= Hugh Anderson (theologian) =

British theologian

Hugh Anderson FRSE (1920-2003) was a Scottish theologian who served as Professor of the New Testament at the University of Edinburgh for over 20 years.

==Life==

Anderson was born in Galston, Ayrshire on 18 May 1920, the son of Jeannie Muir and her husband Hugh Anderson . He was educated at Galston Primaty School then Kilmarnock Academy, going on to study Classics and Semitic Languages at the University of Glasgow.

In the post-war period 1945/6 he was part of the Huts and Canteens Scheme in Egypt and Palestine before returning to the University of Glasgow to lecture on the Old Testament. In this period he gained his first doctorate (PhD) on the New Testament. In this same period he was also minister of Trinity Church in Pollockshields in Glasgow.

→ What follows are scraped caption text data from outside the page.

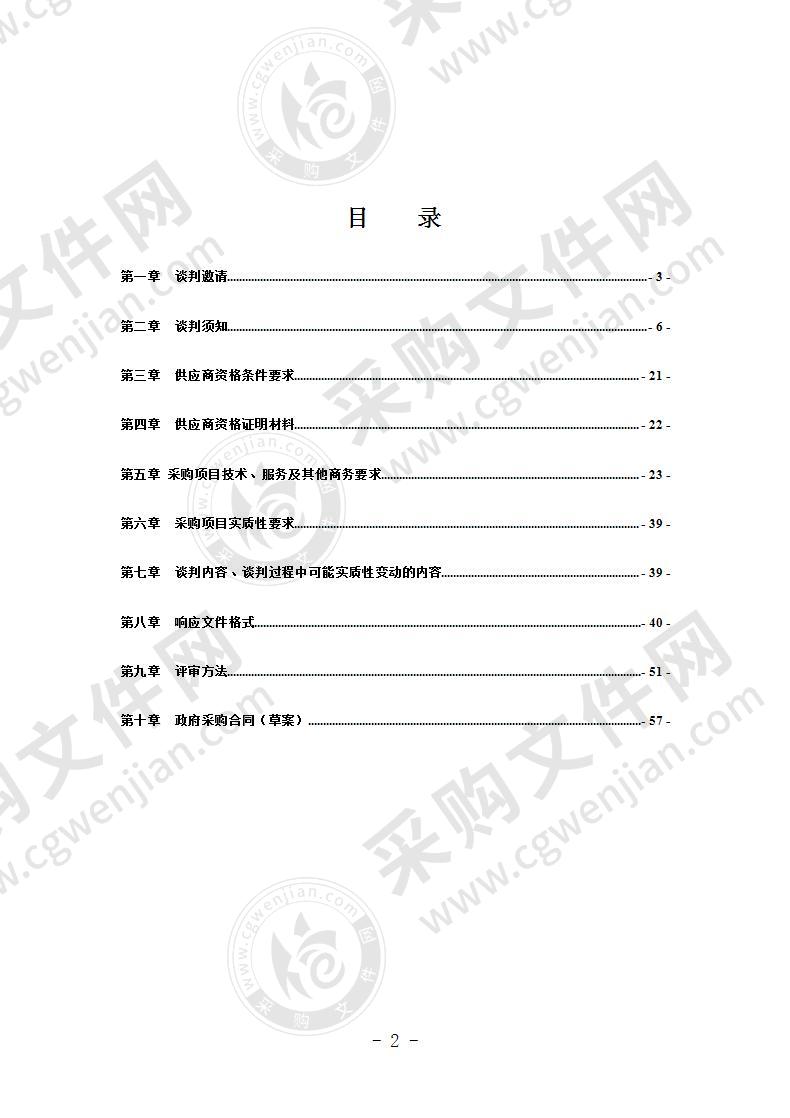 四川省南充市环境监测中心站南充市城市环境空气非甲烷总烃在线监测系统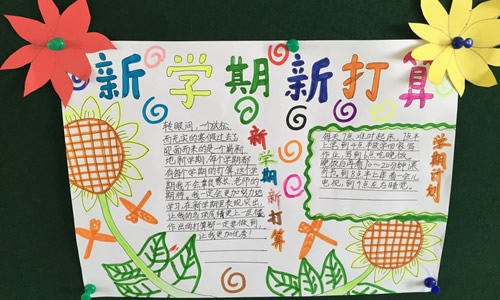 [微型文本]新学期，新目标_150字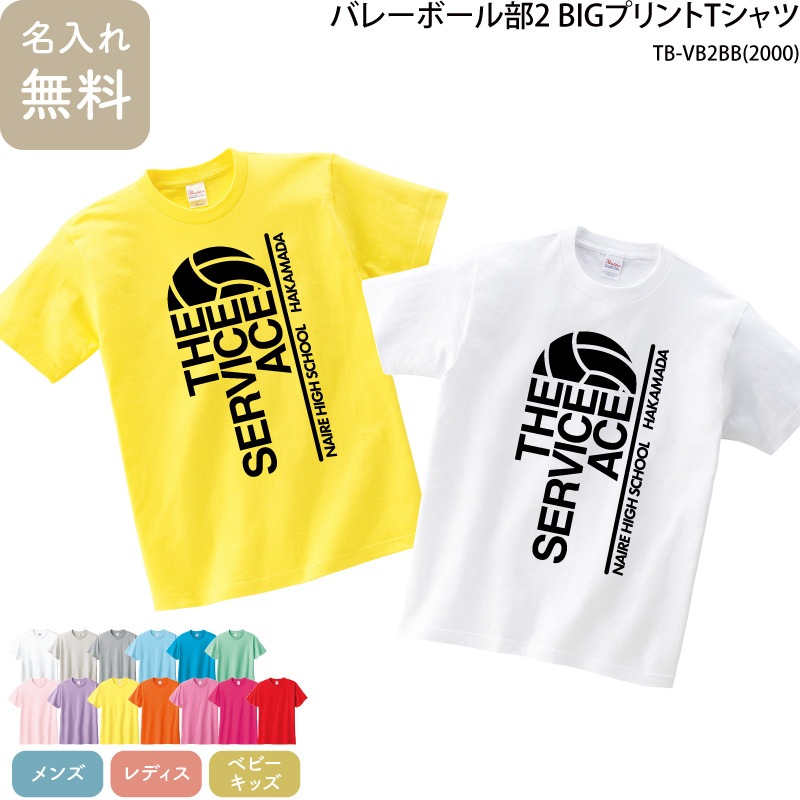 ̾����������̾��������롪 _ �Х졼�ܡ�����2 BIG�ץ���T�ʹ���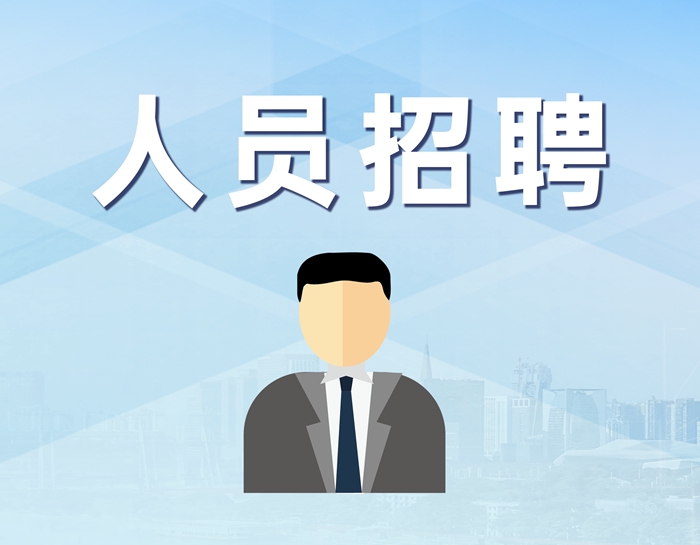 人员招聘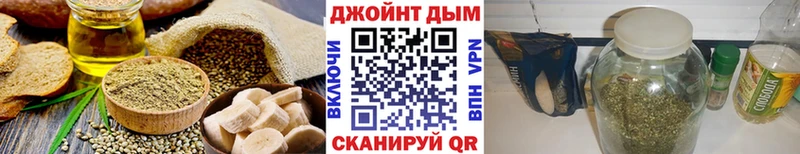 купить наркотики сайты  Углегорск  Canna-Cookies марихуана 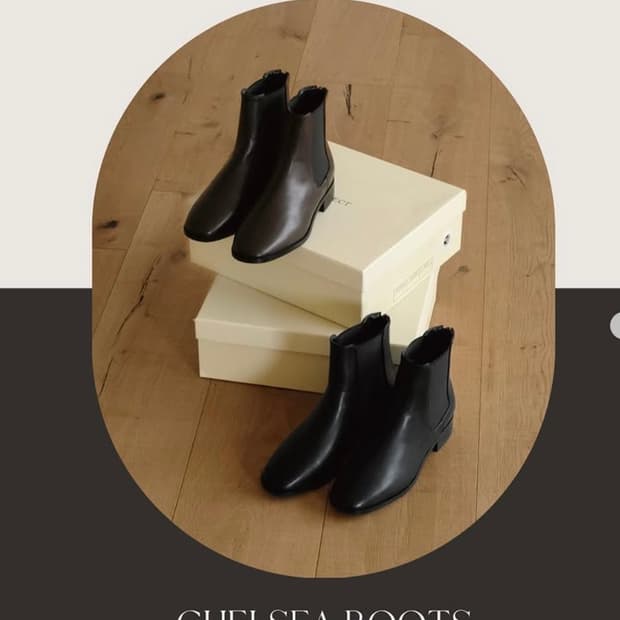 (새상품, 박풀) 98도씨 보스턴 앵클 첼시 부츠 블랙 250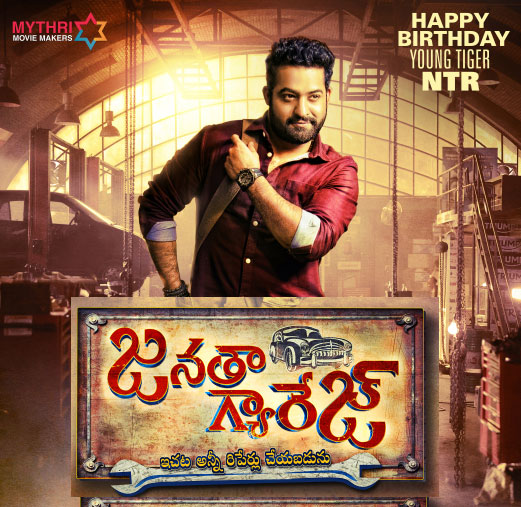 Janatha Garage (2016) Telugu Movie Naa Songs Free Download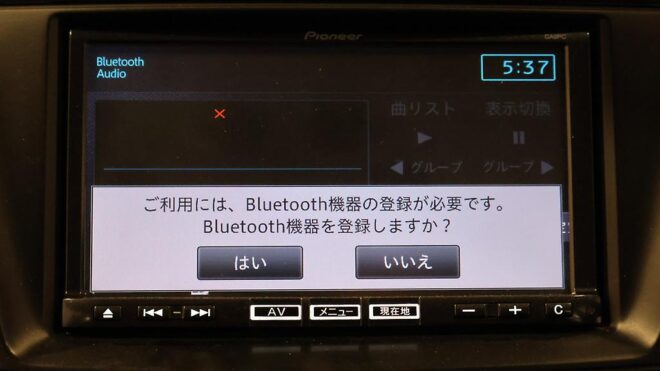 2016 Mazda Premacy 20S Skyactiv/ Reverse Camera/ Electric Slide Door image 310439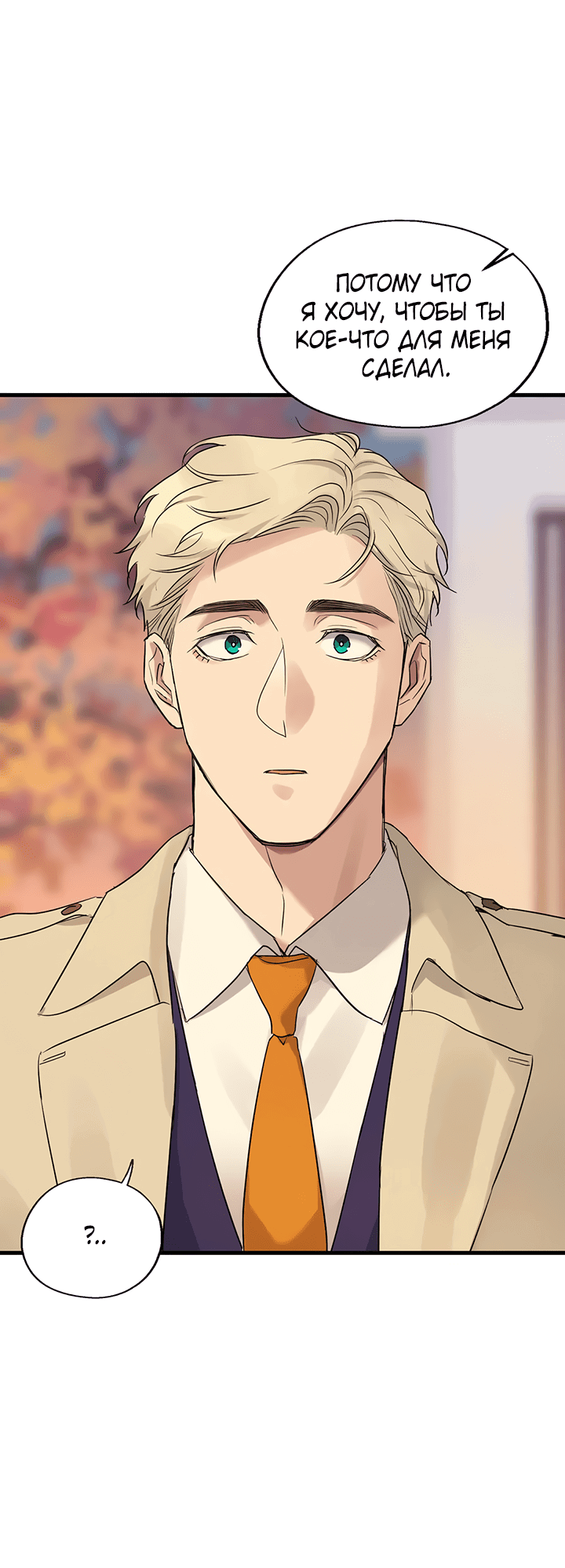 Манга Выстрел точно в цель - Глава 14 Страница 10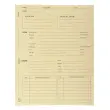 Paquet de 25 dossiers de procédure carte lustrée 25x32cm - Ivoire - EXACOMPTA photo du produit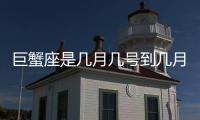 巨蟹座是幾月幾號到幾月幾號生日
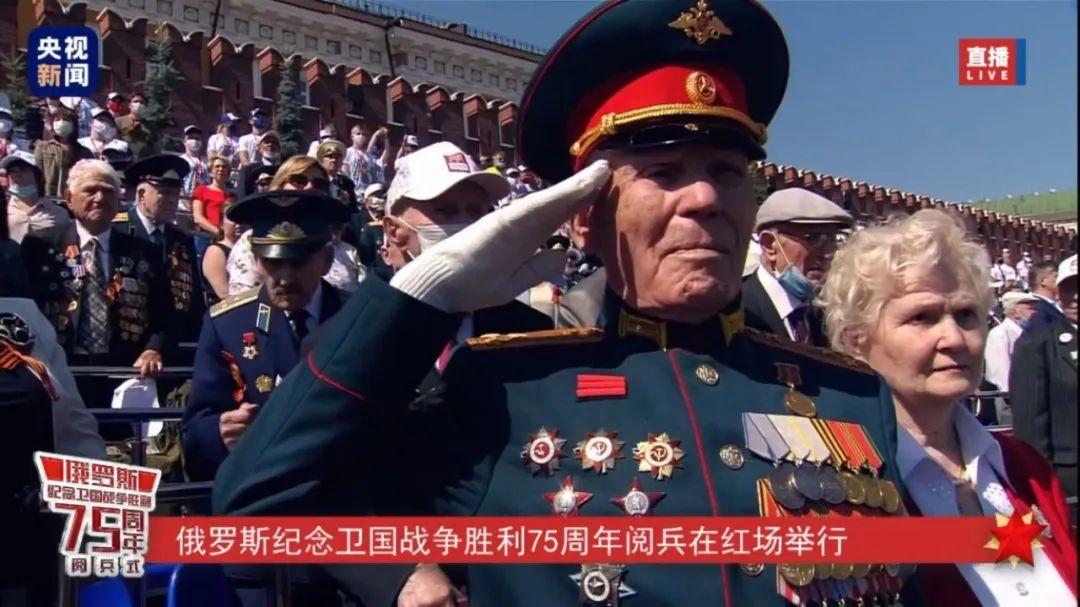 三軍儀仗隊走紅場視頻，榮耀與力量的展現(xiàn)，三軍儀仗隊走紅場，榮耀與力量的璀璨瞬間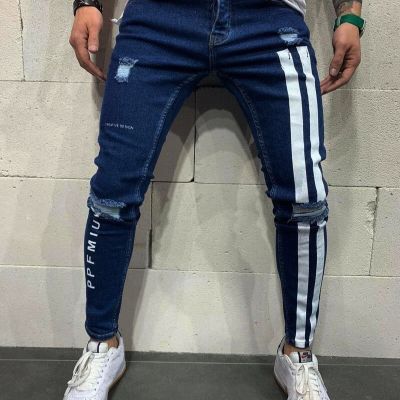 【CC】☈  2022 Fashion Streetwear Men Jeans Color Thin Destroyed Ripped Broken Punk Pants Homme Hip Hop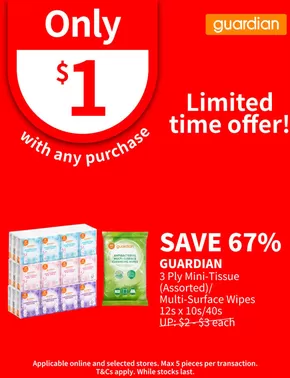 Guardian catalogue in Singapore | Exclusive deals and bargains | 2025-09-13T00:00:00.000Z - 2025-09-27T00:00:00.000Z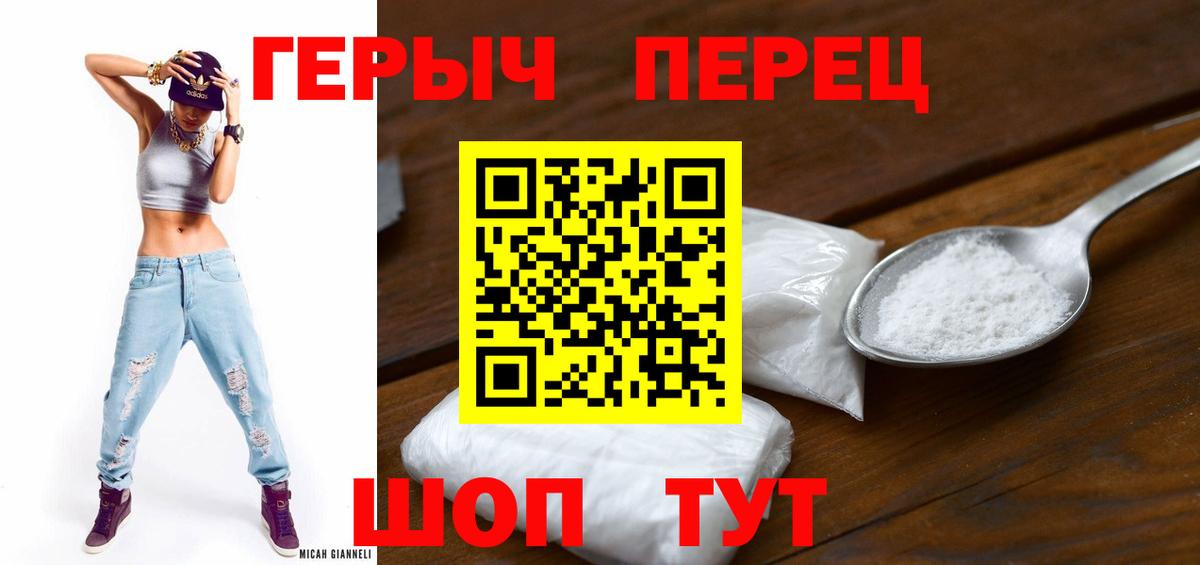 Бошки Шишки Бирск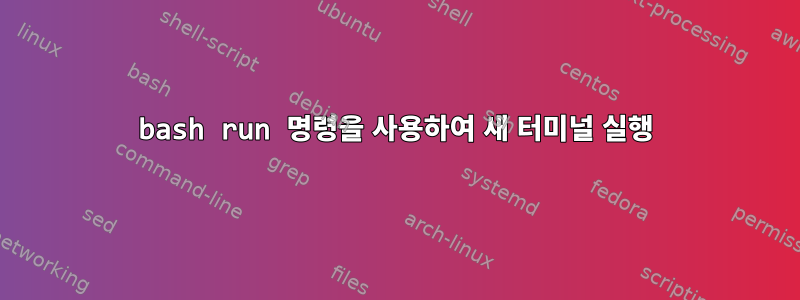 bash run 명령을 사용하여 새 터미널 실행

In 1957 he left Scotland to become Professor of Biblical Criticism at Duke University in North Carolina, USA. Much in demand, he preached at the Riverside Church in New York and at the Washington National Cathedral.

In 1966 he returned to Scotland as Professor of New Testament replacing Prof J. S. Stewart.

In 1987 he was elected a Fellow of the Royal Society of Edinburgh.

He died on 14 January 2003.

==Publications==

- Jesus and Christian Origins (1964)
- Jesus (1968)
- The Gospel of Mark (1976)

==Family==

In 1945 he was married to Jean Goldie Torbit and they had three children.